Uyarı: Yazı Modern Warfare 2'yi oynamamış olanlar için bol miktarda rahatsız edici içerik barındırmaktadır.
Ayrıca bu oyuna tarafsız bir bakış açısıyla yaklaşmadığımı şimdiden söyleyeyim. Olabildiğince adil olmaya çalıştım fakat bana göre hak ettiği değeri yansıtan bir inceleme olduğundan biraz ağır oldu. Yani, biraz...Küçük Bir Umut
Call Of Duty: Modern Warfare 2 çıktığında gerek fragmanlarından, gerek önceki oyunun verdiği müthiş hazdan ve gerekse Call Of Duty Serisinin hala oynanabilir olduğuna inandığımızdan inanılmaz heyecanlanmıştık. Oyun da bir yere kadar beklentilerimizi oldukça iyi karşılamış ve hatta bazı yerlerde çok daha üzerine bile çıkmayı başarmıştı. Fakat özellikle özgürlüğü seven oyuncular için pek çok eksi yönü bulunduğu da bir gerçekti. İnfinity Ward ağzımızı sulandıran bir yapıma imza atmış, her oyunda olabilecek eksikleri ise giderememiş veya buna ihtiyaç duymamış; sonuçta biz oyunu eksikleriyle kabullenip seve seve oynamıştık.

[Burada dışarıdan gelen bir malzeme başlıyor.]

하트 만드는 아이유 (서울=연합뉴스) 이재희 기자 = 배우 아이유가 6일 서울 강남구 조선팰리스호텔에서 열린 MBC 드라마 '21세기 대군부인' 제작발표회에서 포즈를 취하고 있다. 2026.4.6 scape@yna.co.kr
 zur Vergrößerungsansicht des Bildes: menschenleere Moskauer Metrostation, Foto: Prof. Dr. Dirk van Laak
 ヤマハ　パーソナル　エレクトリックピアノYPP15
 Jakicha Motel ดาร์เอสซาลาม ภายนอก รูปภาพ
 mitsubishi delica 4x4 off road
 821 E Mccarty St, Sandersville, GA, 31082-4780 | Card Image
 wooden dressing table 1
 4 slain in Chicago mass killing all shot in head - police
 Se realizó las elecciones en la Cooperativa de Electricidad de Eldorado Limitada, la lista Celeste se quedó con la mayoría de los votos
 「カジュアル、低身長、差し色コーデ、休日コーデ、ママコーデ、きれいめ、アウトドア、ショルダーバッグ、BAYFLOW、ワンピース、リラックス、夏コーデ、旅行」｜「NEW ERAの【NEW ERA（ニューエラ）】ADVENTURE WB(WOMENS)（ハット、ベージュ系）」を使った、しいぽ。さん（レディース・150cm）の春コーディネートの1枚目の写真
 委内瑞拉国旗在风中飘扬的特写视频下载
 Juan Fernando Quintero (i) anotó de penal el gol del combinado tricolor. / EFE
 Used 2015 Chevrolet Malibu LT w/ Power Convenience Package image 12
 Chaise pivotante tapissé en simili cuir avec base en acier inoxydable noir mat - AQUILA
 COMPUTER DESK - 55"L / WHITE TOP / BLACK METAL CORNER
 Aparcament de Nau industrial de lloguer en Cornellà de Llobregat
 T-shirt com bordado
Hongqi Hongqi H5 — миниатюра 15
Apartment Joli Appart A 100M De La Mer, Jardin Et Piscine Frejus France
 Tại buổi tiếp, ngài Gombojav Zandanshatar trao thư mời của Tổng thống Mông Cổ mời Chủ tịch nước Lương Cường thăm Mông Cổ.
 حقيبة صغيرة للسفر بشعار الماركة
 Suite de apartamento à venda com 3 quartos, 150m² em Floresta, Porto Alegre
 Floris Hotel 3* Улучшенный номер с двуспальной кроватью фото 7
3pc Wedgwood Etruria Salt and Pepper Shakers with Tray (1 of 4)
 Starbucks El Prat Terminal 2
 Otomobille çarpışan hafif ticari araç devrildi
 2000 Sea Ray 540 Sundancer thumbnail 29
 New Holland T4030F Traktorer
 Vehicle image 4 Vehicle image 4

Ne var ki İnfinity Ward'ın kemik kadrosu, CoD serisinin gerçek yaratıcıları olan Vince Zampella ve Jason West'in Activision ile anlaşamayıp yanlarına hatırı sayılır derecede çalışanı da alarak şirketten ayrılmaları, CoD'un bundan eskisi gibi olamayacağı konusunda oyuncuları korkutmuştu. Nitekim Black Box tarafından yapılan sonraki CoD oyunu Black Ops da bu korkuların ne kadar haklı olduğunu gözler önüne sermişti. Tüm bunlara rağmen, Modern Warfare 3 duyurulduğunda bir çok kişi hâlâ olaya iyimser yaklaşmayı tercih ediyordu.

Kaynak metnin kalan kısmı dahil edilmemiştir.